DETM acted as a trading partner holding a claim. A creditor has no fiduciary obligation to either its debtor or other creditors of its debtor in the collection of its claim. Clark Pipe, 893 F.2d at 702. DETM merely attempted to negotiate a manner to recover the overpayment that ANG could afford under the circumstances known in June 2001.
But, if Newhouse had established the fraudulent intent, the transfers would have been avoided as fraudulent transfers, with Newhouse obtaining a judgment under 11 U.S.C. § 550. Unless DETM paid that judgment, DETM's claim would have been disallowed. 11 U.S.C. § 502(d). If the claim had been disallowed, the request to equitably subordinate the claim would have been denied as moot. On the other hand, if the judgment had been paid, the inequitable conduct would have been remedied. The court may only subordinate a claim to the extent necessary to address the inequitable conduct, that is, the harm or unfair advantage caused by that inequitable conduct. Herby's Foods, 2 F.3d at 131. With the conduct remedied by the payment of the judgment, the court would have had no need to subordinate DETM's claim. The request to equitably subordinate would have been denied.
As a result, equitable subordination does not apply and that claim for relief must be denied.
Conclusion
Newhouse may avoid a § 547 preference of $808,710. Newhouse shall have a judgment under 11 U.S.C. § 550 of $808,710. DETM shall have ninety days from the date of the entry of a final judgment, unless stayed pending appeal, to satisfy the judgment. If DETM timely satisfies the judgment, DETM shall have an allowed claim of $35,832,419 plus the amount of the judgment. If DETM does not timely satisfy the judgment, its claim shall be disallowed.
The defense of § 546(e) does not apply on or after June 22, 2001, but applies prior to that date. Recoupment does not apply. The setoffs were appropriate, and are not subject to the setoff preference recovery under the Bankruptcy Code. There were no avoidable fraudulent transfers under federal or Texas law. DETM's allowed claim shall not be subordinated under § 510(c).
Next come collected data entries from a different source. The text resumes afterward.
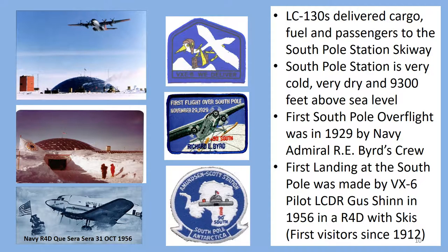The South Pole is very cold, very dry, very windy, and at a very high altitude — over 9,300 feet above sea level. VXE-6 flew many resupply missions to the South Pole during the 44 years the squadron operated on the ice. In addition, history was made twice: Admiral Byrd's crew did the first flyover of the South Pole in 1929, and VXE-6 pilot Gus Shin made the first landing at the South Pole in 1956.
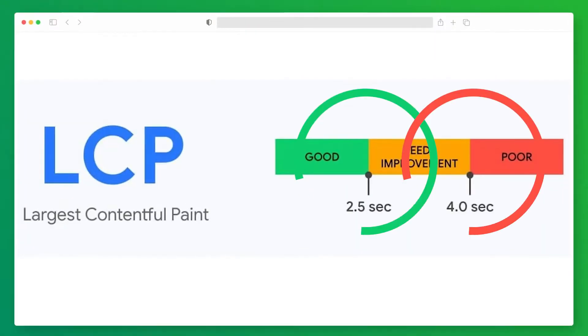A good Largest Contentful Paint score should be under two and a half seconds, which helps produce fast perceived load time for users and meets Google's criteria, because for Google, providing a good page experience for visitors is a priority. If the LCP is over four seconds, it's considered a poor score.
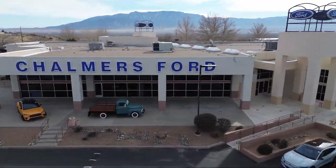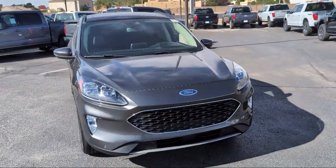Welcome to Chalmers Ford, and here's a look at another one of our vehicles from our great selection.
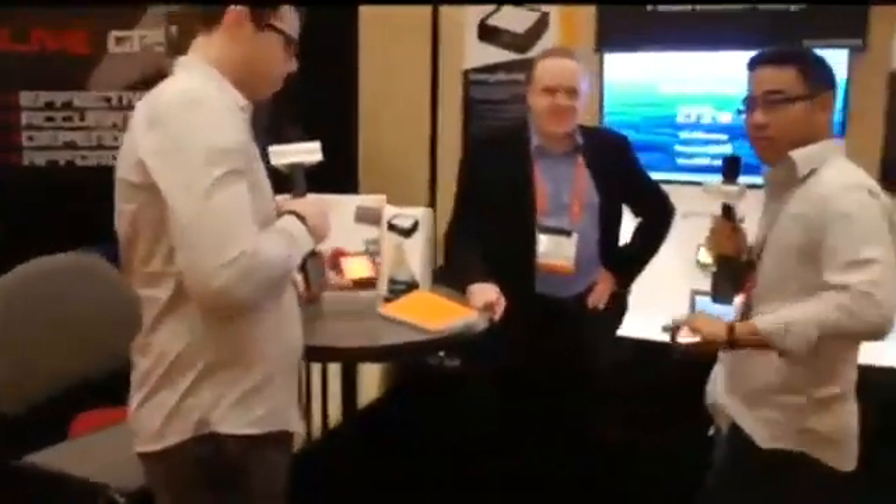Hi, we're from TechCrunch, we're doing a live stream, and we were attracted by this glowing device. Can you tell us what it is? Yes, this is our EnergyBuddy home energy monitoring system.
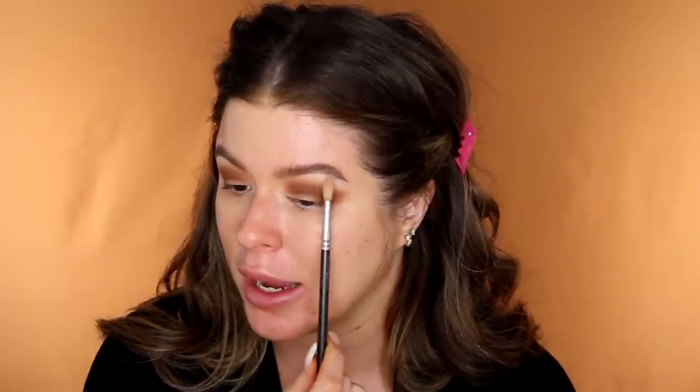Look how far out this outer corner is going. I do my brows first because my brow naturally stops here and I take it out a bit further — without brows done, I wouldn't have a clear stopping point. I never want my eyeshadow to come much further than my brow. If eyeshadow touches your brow, you lose the lifted action and it pulls you down. Doing brows first gives you a clear stopping point of where to take shadow and where not to.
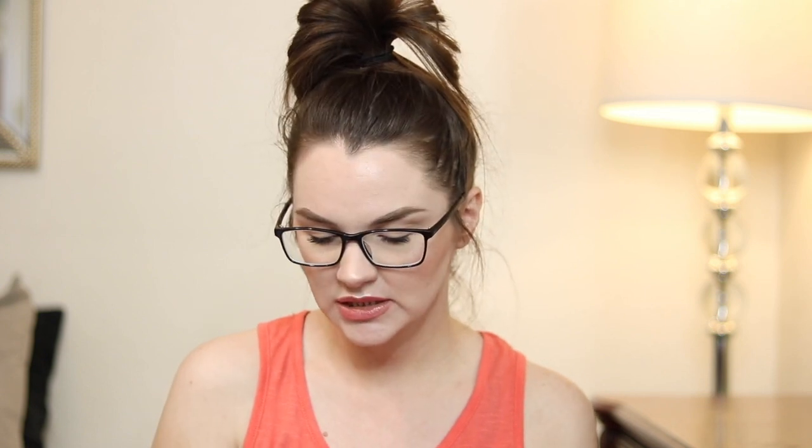The next one I picked up because of Kenny Nicole — she's been talking about this polish lately. This is Orly's 'Melt Your Popsicle,' a neon orange. The formula isn't the best neon formula I've tried from Orly, but I was still able to get it opaque in three coats. I really like it — it's super bright — and I can see why she enjoys this one.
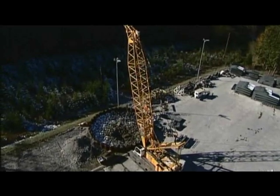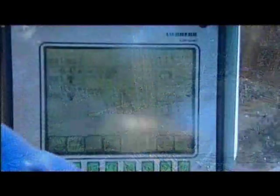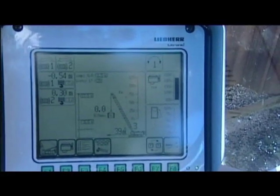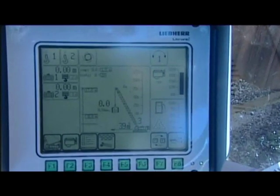The Liebherr-designed control system allows continuous drops with maximum precision. All relevant information is displayed on a high-resolution monitor inside the operator's cab.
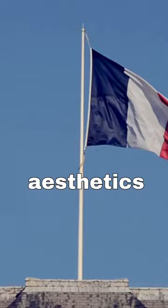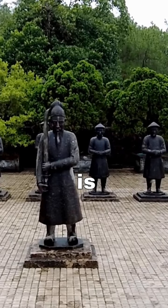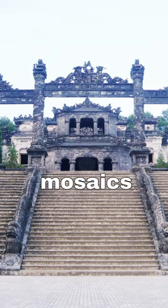The exterior of the Cai Dinh Tomb is adorned with intricate mosaic patterns made from thousands of ceramic pieces. The mosaics feature a range of motifs, showcasing the meticulous craftsmanship and attention to detail.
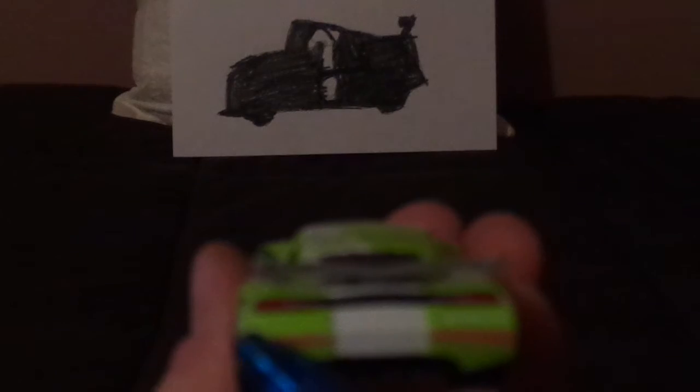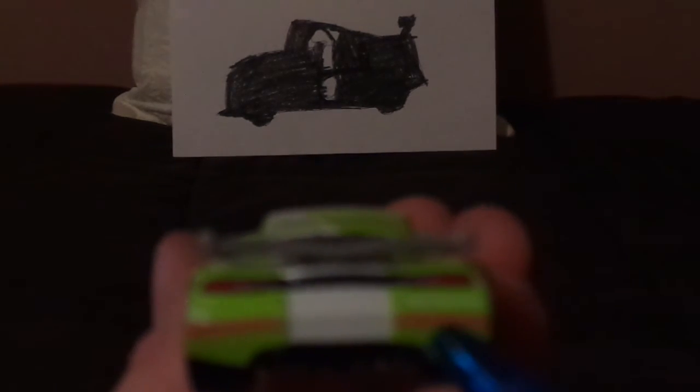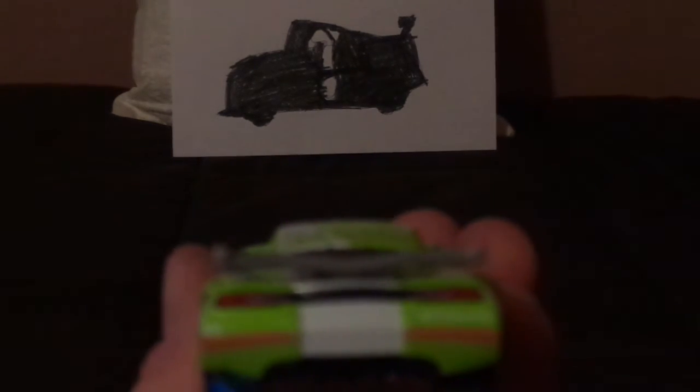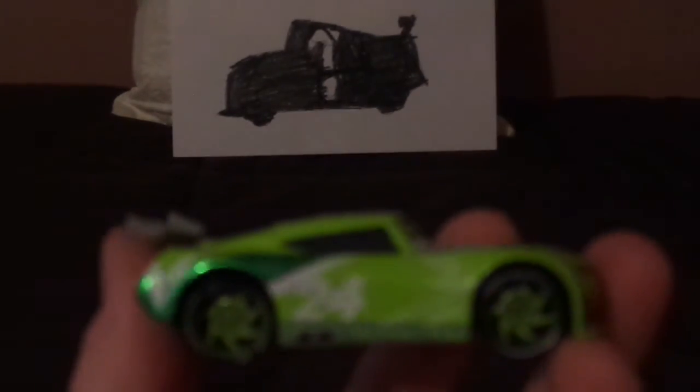And on the back, we've got his working taillights, a number 24, and a Vitaline logo, and orange rookie stripes. On the right side, same design but in reverse. And that is it.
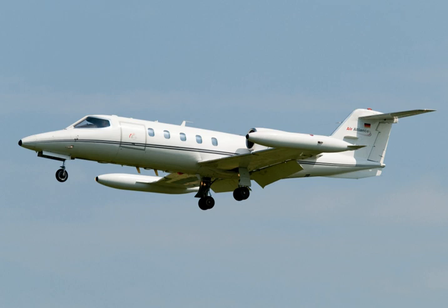This aircraft is now on display in Terminal C of Denver International Airport.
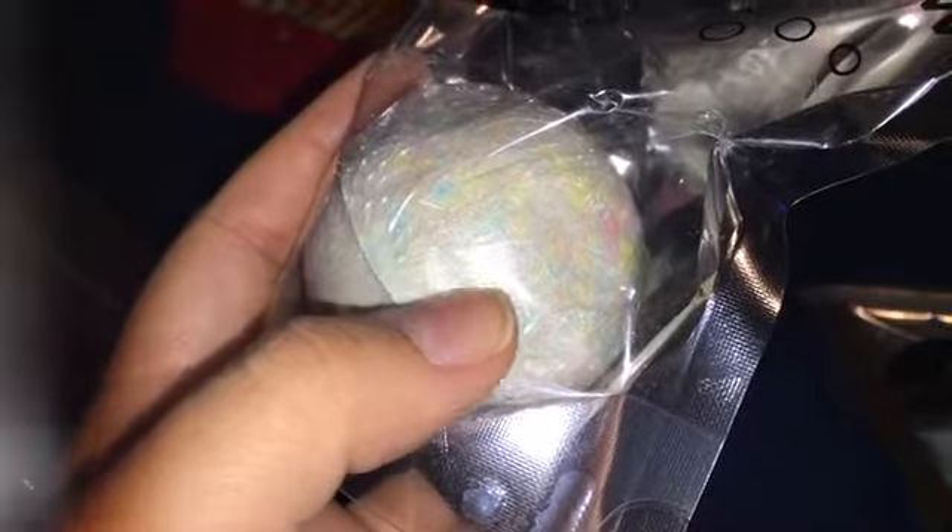The next one is called 'Over the Rainbow' and this one is actually really pretty. It's got these pinks and yellows and blues, and it has this really fine iridescent shimmer on top — not really glitter like the first one, but very pretty. This one is a floral scented bath bomb.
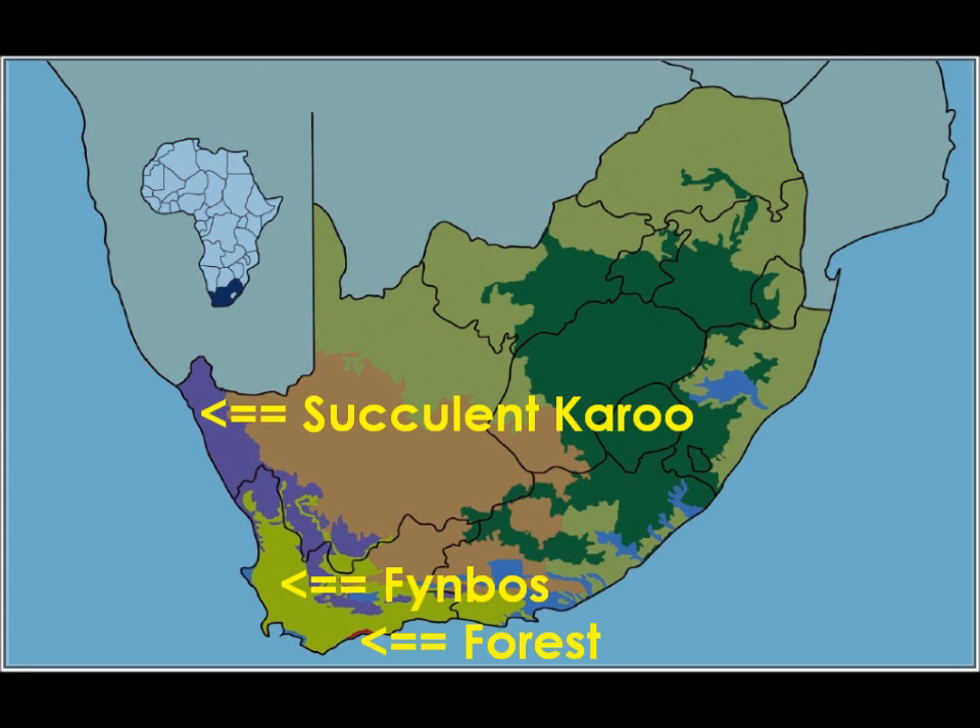We will be discussing three different biomes in this video: the Fynbos biome, the forest biome, and the Succulent Karoo biome.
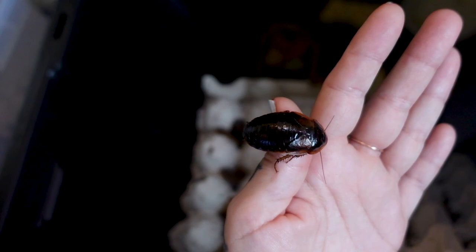Female dubia roaches live around 24 months and males live to about 18 months. The gestation period for a female is 65 days. She will pop a little egg out, the male will fertilize it, and then she'll pull it back inside her. 65 days later she has the babies, and as soon as she's had those she can actually get pregnant again right away.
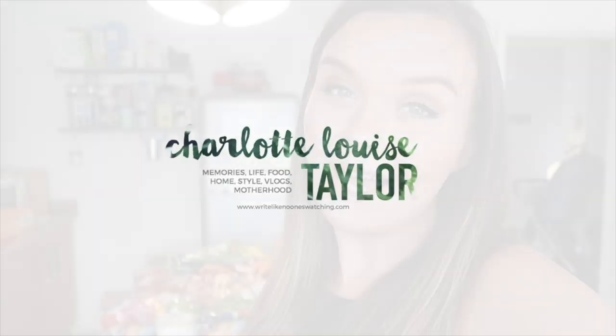Hi everyone, welcome back to my channel. This is going to be another grocery haul with seven meal ideas for a family of five, plus a meal plan, so if you want to see what we're eating for the week ahead, keep watching. Before I get into it, as per CMA guidelines, I have worked with Tesco in the past, however this has all been paid for with our own money. The meal plan will be listed in the description bar below.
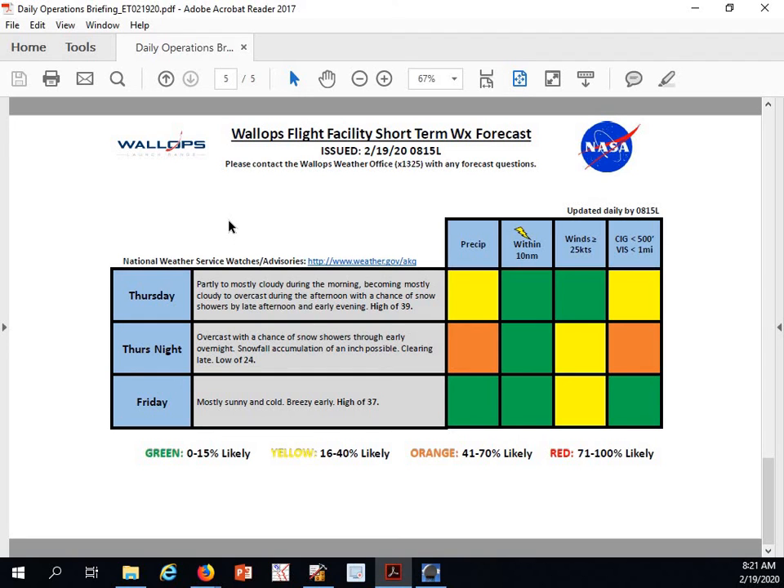And for Friday, we'll have mostly sunny and cold conditions, breezy winds early, and a high of only 37 degrees, with a yellow for winds around 25 knots, especially during the morning hours. That's going to complete our 815 daily operations weather brief. We'll be back at 10 o'clock to look at the next 7 days.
The Bankruptcy Code does not provide for the recovery of attorney's fees under §§ 547 or 550. Newhouse's request for an award of attorney's fees is denied.
Order
Based on the foregoing,
IT IS ORDERED that Robert Newhouse, Chapter 7 trustee of the bankruptcy estate of Aurora Natural Gas, L.L.C., shall have a judgment against Duke Energy Trading and Marketing, L.L.C., of $808,710 pursuant to 11 U.S.C. § 550, with pre-judgment interest from the date of the filing of this adversary proceeding.
IT IS FURTHER ORDERED that DETM shall have ninety days from the date of the entry of a final judgment, unless stayed pending appeal, to satisfy the judgment. If DETM timely satisfies the judgment, DETM shall have an allowed claim of $35,832,419 plus the amount of the judgment. If DETM does not timely satisfy the judgment, its claim shall be disallowed.
IT IS FURTHER ORDERED that all other relief requested by Newhouse shall be denied.
Counsel for Newhouse shall submit a proposed final judgment consistent with this order.